In Stańko’s view, Komeda developed characteristic syntax and themes from fulfilling the narrative imperatives of the plays and films he scored. Indeed, although he denies any programmatic intent, Stańko’s own investigations have the quality of an imaginary soundtrack.

“Many times, this angularity that I liked in Komeda’s music comes from movies,” Stańko said. “Sometimes motifs have to be longer, sometimes shorter. Sometimes he’d have to give more bars to make a longer motif. Then he finds this original composer style. To me, though, music is abstraction. This abstraction means not sad, not happy. It’s music. This is the color of this art.”

However Stańko conceptualizes musical flow, his ideas gestated after the death of Stalin in Soviet Bloc Poland, where musicians and filmmakers were granted a degree of mobility and freedom of expression unavailable to the public at large. He was born to a family whose cultural mores might serve as a paradigm of the pre-war intelligentsia — his father was a judge who doubled as a professional violinist, while his mother was a librarian in a conservatory. The teenage Stanko soaked up Italian neo-realist cinema (“all the Fellini”) and existential novels and tracts (Kafka, Schultz, Sartre), and he regarded painters like Modigliani, Kandinsky and Klee as gurus. He decided on trumpet after seeing Dave Brubeck play in Krakow in 1957, and listened to Miles Davis (“I liked that he don’t play too much, his control of the band, the contrast between him and sax players”), Don Ellis (“he was playing and starring in Poland”), Booker Little with Max Roach and Abbey Lincoln (“he was my favorite because of legatos—I love legatos”), Cherry with Coleman, and Bill Dixon with Cecil Taylor.

“I formed through art, not only through jazz,” Stańko said. “I have always predisposition for novelty, for avant-garde, something new, and I like artist-desperadoes.
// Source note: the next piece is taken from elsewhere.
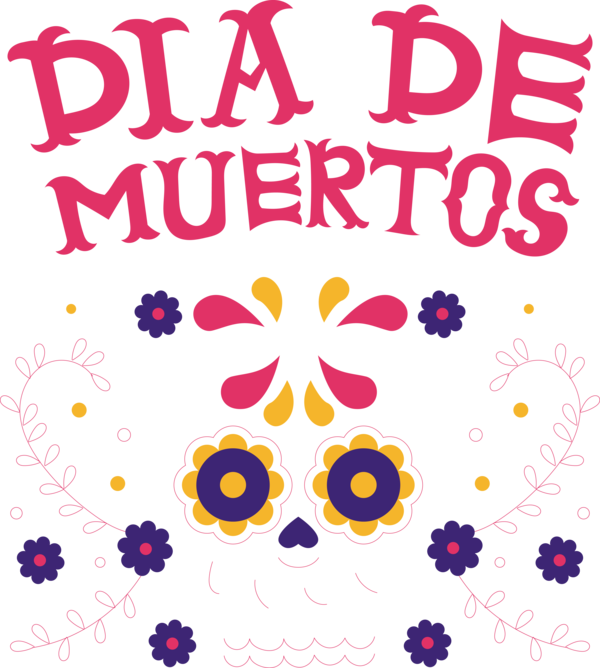 Transparent Day of the Dead Design Line Pink M for Día de Muertos for Day Of The Dead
Because in this life, you get illumination, like Charlie Parker. Jazz musicians have this illumination. Illumination built this modern music. If I was listening to Coltrane at the Village Vanguard, ‘Chasin’ The Trane,’ I didn’t know it was blues. For many months, I assumed that this was free. Then I recognized, ‘This is only the blues.’ Instinct dictated to us.

“The filmmakers were influenced by jazz — especially Polanski. Jazz musicians have a big position in Poland at this time throughout the society. We could travel. We were often in Paris.
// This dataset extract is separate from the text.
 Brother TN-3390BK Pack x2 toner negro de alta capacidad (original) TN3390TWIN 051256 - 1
“Komeda was a couple of times in Copenhagen, because we had concerts. I had a tailor, and paid a lot of money for clothes. I want to feel fashionable, good-looking, attract the ladies. Our position was high. Probably these Communist Party people were a little bit snobby for these artists. Maybe the children were into more of these different people. Probably they don’t feel danger from music, from jazz. Jazz for them was the same for us, a synonym of freedom.”
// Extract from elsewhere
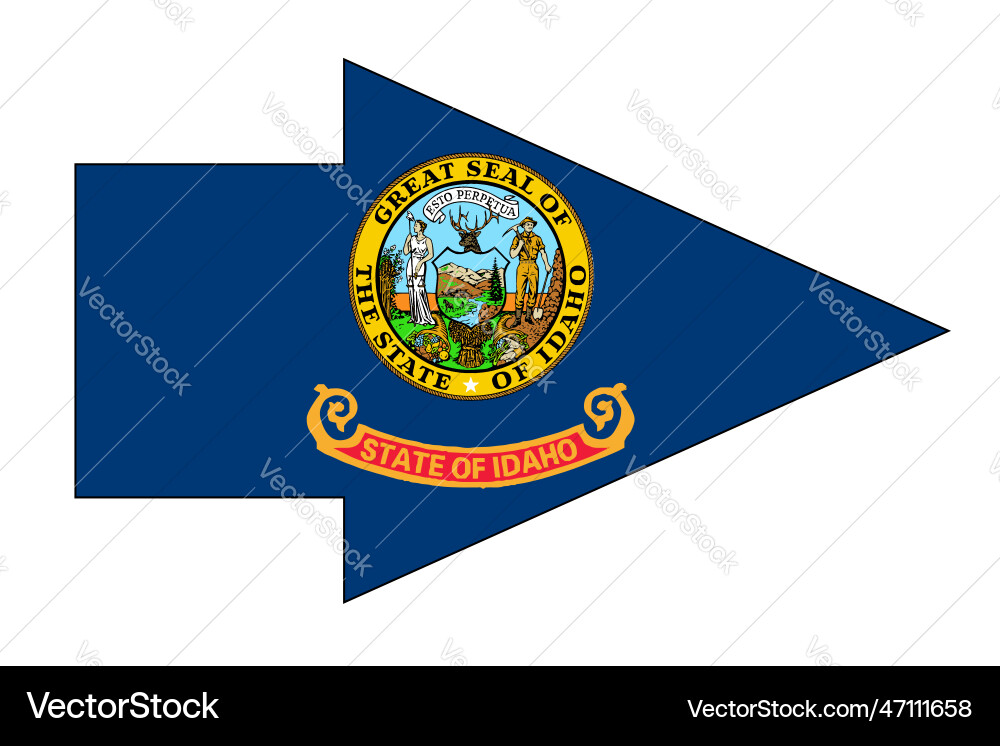 Idaho state flag arrow pointer vector image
“In the beginning, we were focused on America, on American playing, because the Communist time had passed away,” Wasilewski said, the day after the trio that now carries his name played a sold-out set at Birdland.

“We grabbed from ECM recordings from the ’70s, like Jack DeJohnette and Jon Christensen with Keith Jarrett and Jan Garbarek,” Miskiewicz said. “Miles Davis, John Coltrane, Tony Williams, as well as Kenny Garrett, Wynton Marsalis’ Black Codes From The Underground, the Branford Marsalis Quartet.”

“When I was 5 or 6, I was competing with my cousin, because we had only one Walkman,” Wasilewski said. “I heard tapes like Michael Brecker or Pat Metheny, Volumes 1 and 2 of Keith Jarrett’s Standards, some of Jack DeJohnette’s New Directions. Good ECM records. I didn’t know I was listening to great music.”